TASK TO CARRY OUT: Could the data below be printed out exactly, with the pictures left out?

(Web page caption snippets)

*** Begin section ***

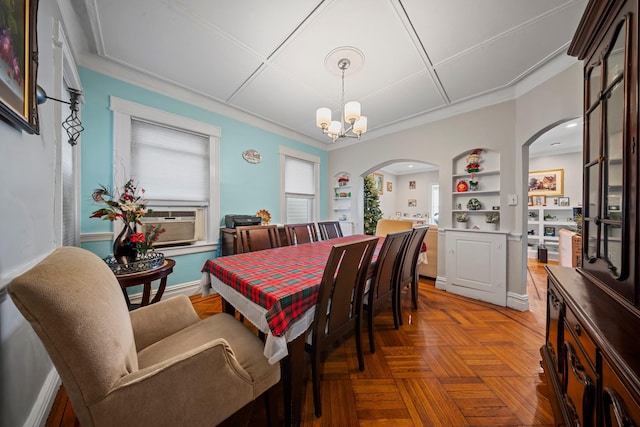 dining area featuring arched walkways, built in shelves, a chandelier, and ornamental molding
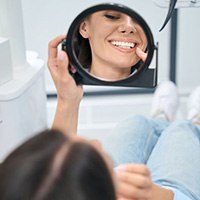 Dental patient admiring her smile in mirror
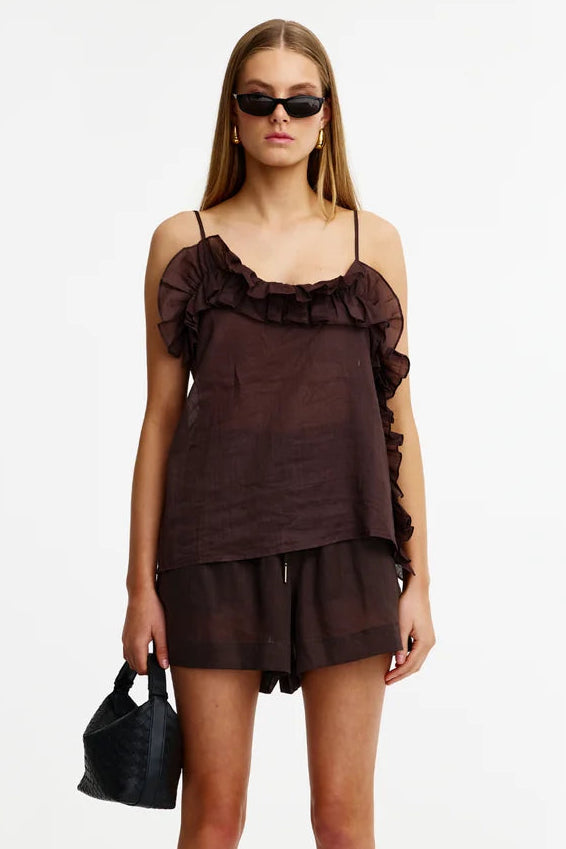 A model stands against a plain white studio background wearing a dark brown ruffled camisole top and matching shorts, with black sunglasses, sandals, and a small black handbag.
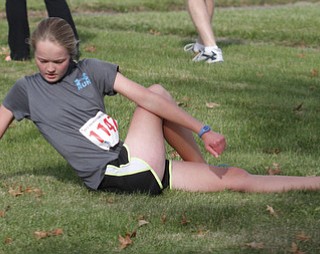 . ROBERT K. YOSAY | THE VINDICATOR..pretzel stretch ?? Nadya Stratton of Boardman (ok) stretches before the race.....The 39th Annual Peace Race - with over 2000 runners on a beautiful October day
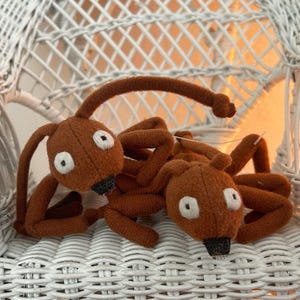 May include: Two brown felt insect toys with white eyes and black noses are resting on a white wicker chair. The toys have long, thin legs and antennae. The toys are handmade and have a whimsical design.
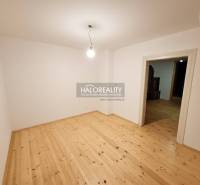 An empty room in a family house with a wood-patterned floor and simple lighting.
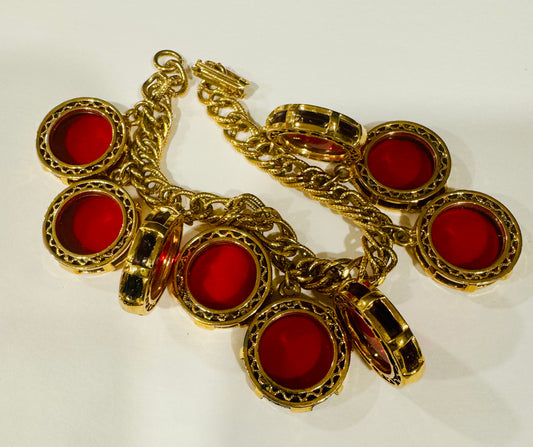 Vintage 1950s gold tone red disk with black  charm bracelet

*** End section ***

SOLUTION TO THIS PROBLEM:
 dining area featuring arched walkways, built in shelves, a chandelier, and ornamental molding
 Dental patient admiring her smile in mirror
 A model stands against a plain white studio background wearing a dark brown ruffled camisole top and matching shorts, with black sunglasses, sandals, and a small black handbag.
 . ROBERT K. YOSAY | THE VINDICATOR..pretzel stretch ?? Nadya Stratton of Boardman (ok) stretches before the race.....The 39th Annual Peace Race - with over 2000 runners on a beautiful October day
 May include: Two brown felt insect toys with white eyes and black noses are resting on a white wicker chair. The toys have long, thin legs and antennae. The toys are handmade and have a whimsical design.
 An empty room in a family house with a wood-patterned floor and simple lighting.
 Vintage 1950s gold tone red disk with black  charm bracelet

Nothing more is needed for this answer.